Seja qual for o motivo, o resultado é ótimo para a educação. A longa carreira de Moreno como servidor do Inep, onde se destacou a ponto de ser condecorado pelo Conselho Nacional de Educação (CNE) e de receber prêmio do movimento Todos pela Educação, joga luz sobre a qualificação de boa parte do corpo técnico na administração federal. Gente que domina sua área de atuação e conhece a máquina pública. Ou seja, que está disponível para contribuir para o desenvolvimento do País, mas acaba preterida por correligionários e apadrinhados. Por óbvio, isso não é exclusividade do atual governo. Sob Bolsonaro, porém, chama a atenção que servidores qualificados deem lugar a dirigentes despreparados ou sem experiência.
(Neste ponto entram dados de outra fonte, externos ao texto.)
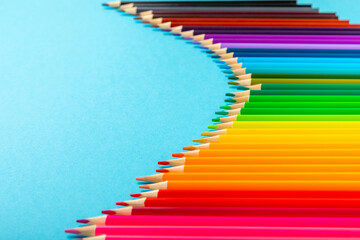 Colored pencils on a bright colored background. Equipment for coloring. Stationery for...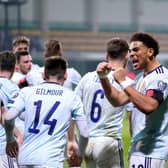 Scotland's Che Adams (right) celebrates scoring the second goal in the 2-0 win in Moldova. Pic: Tim Goode/PA Wire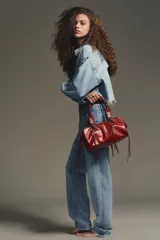 Bolso bowling color rojo con efecto craquelado. Tiene doble asa de hombro con detalles metálicos y asa bandolera extraíble. Incluye bolsillo interior con cremallera y cierre principal con cremallera.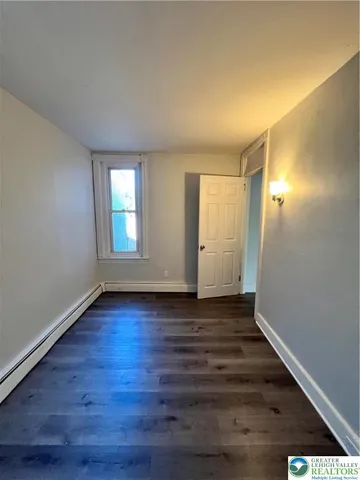 a view of an empty room with wooden floor and window
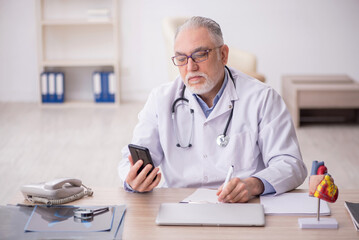 Old male doctor in telemedicine concept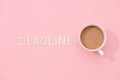 DEADLINE text with a cup of coffee with shadow on pink background. Royalty Free Stock Photo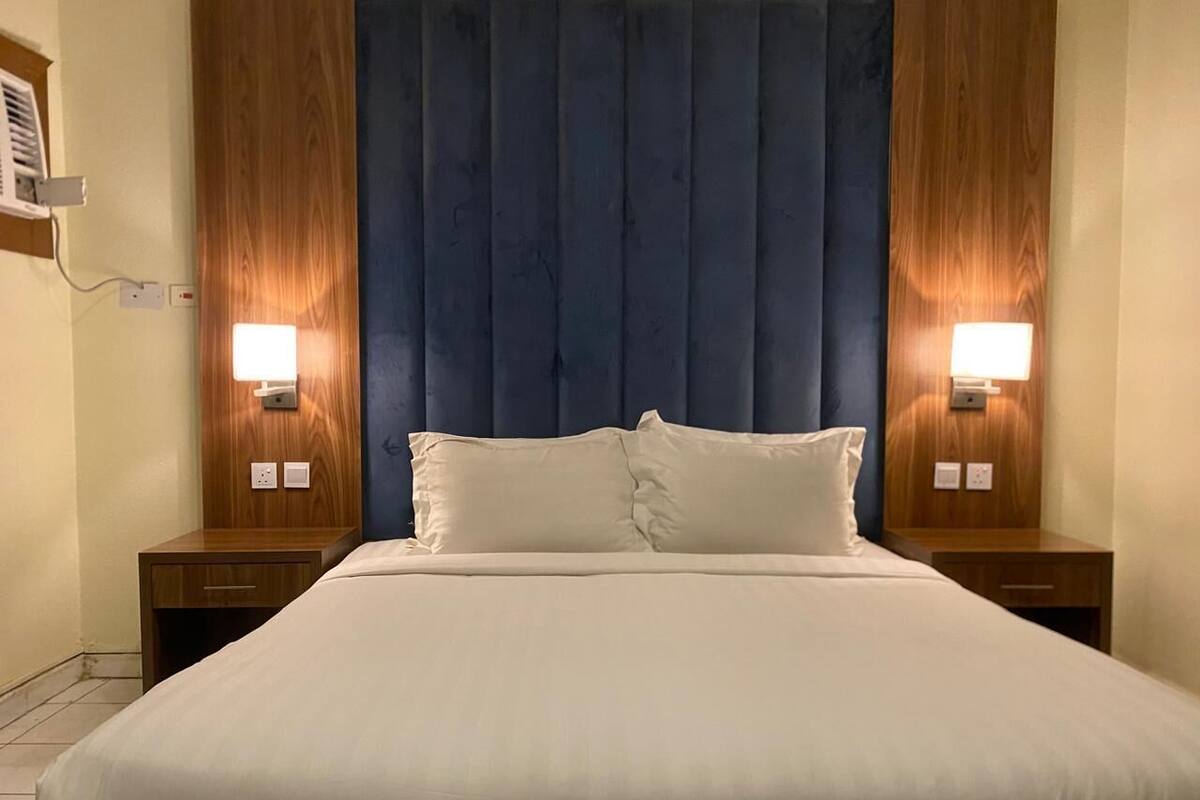 A hotel room with a large bed, two bedside tables, and a wooden headboard.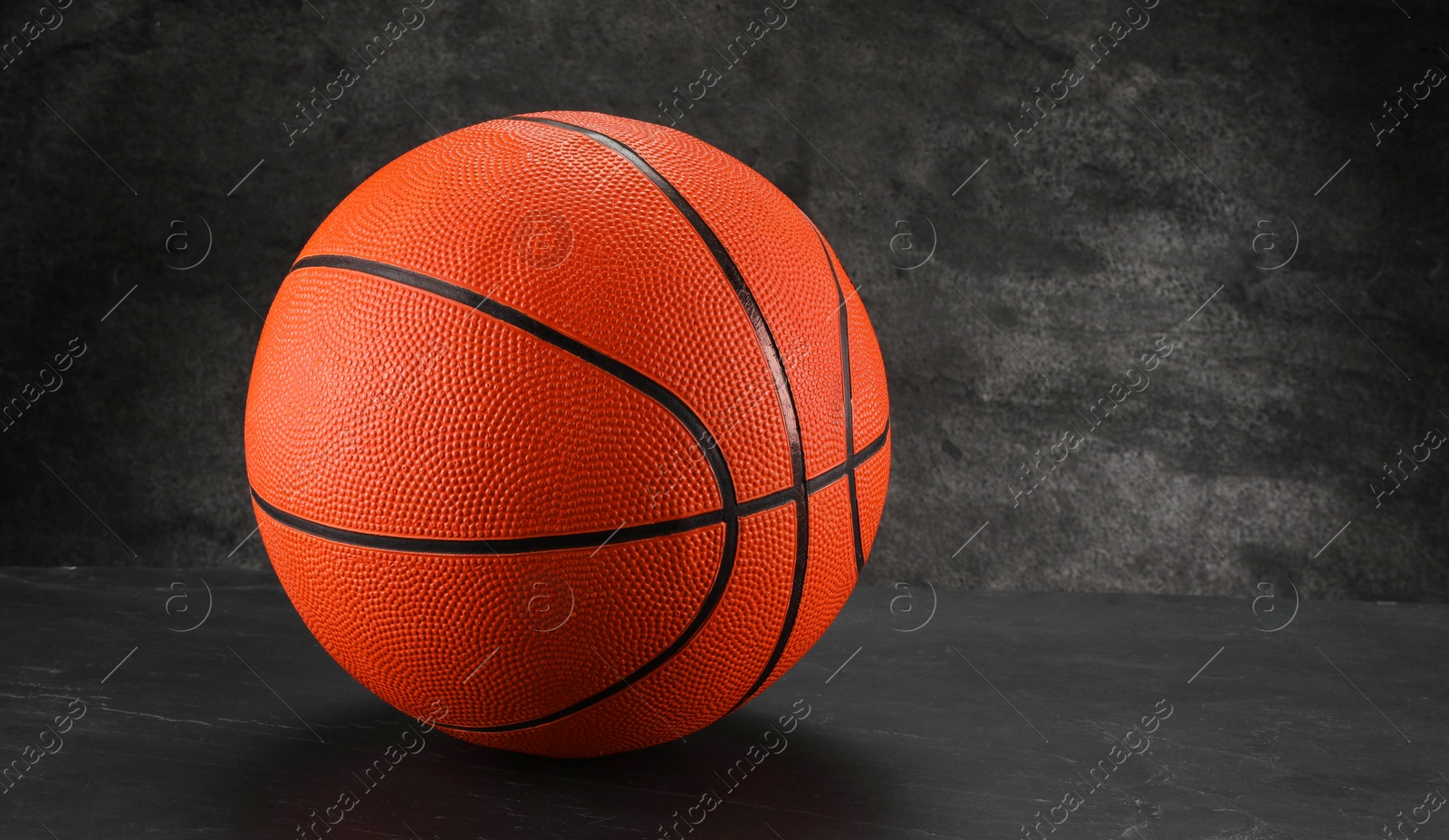 Photo of Basketball ball on dark gray background, space for text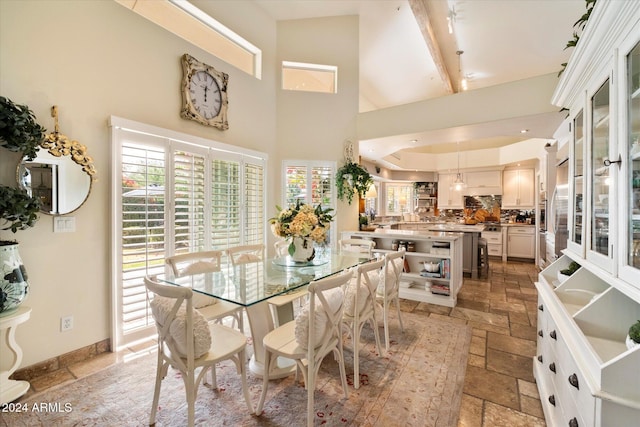 dining area with beam ceiling and high vaulted ceiling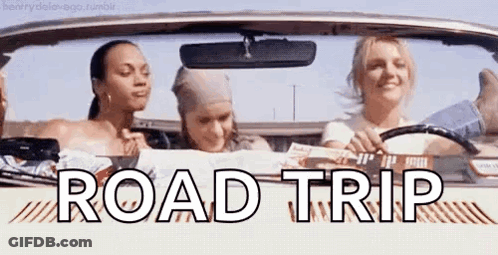 A Group Of Women Are Sitting In A Car With The Words `` Road Trip '' Written On The Side . GIF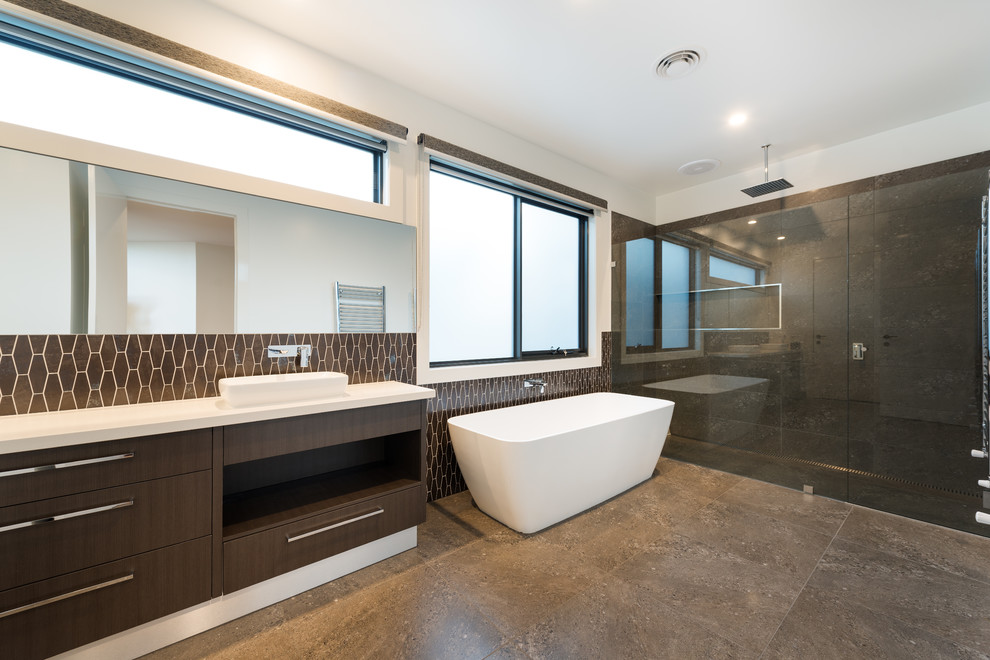 This is an example of a contemporary kids bathroom in Melbourne with a freestanding tub, a double shower, gray tile, porcelain tile, white walls, porcelain floors, a vessel sink and engineered quartz benchtops.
Vitrine dos desastres que o bolsonarismo é capaz de produzir, o MEC já deu origem a todo tipo de má notícia e mau exemplo nos últimos três anos e meio. Devaneios ideológicos, incompetência e a sombra da corrupção foram a face mais visível de um problema estrutural: falta, ao governo Bolsonaro, um projeto para que o ensino e a aprendizagem avancem no País − exceto se, por projeto, entendermos a atuação deliberada de muitos de seus dirigentes para fazer retroceder e implodir o que governos anteriores, com a participação da sociedade, lograram pôr de pé.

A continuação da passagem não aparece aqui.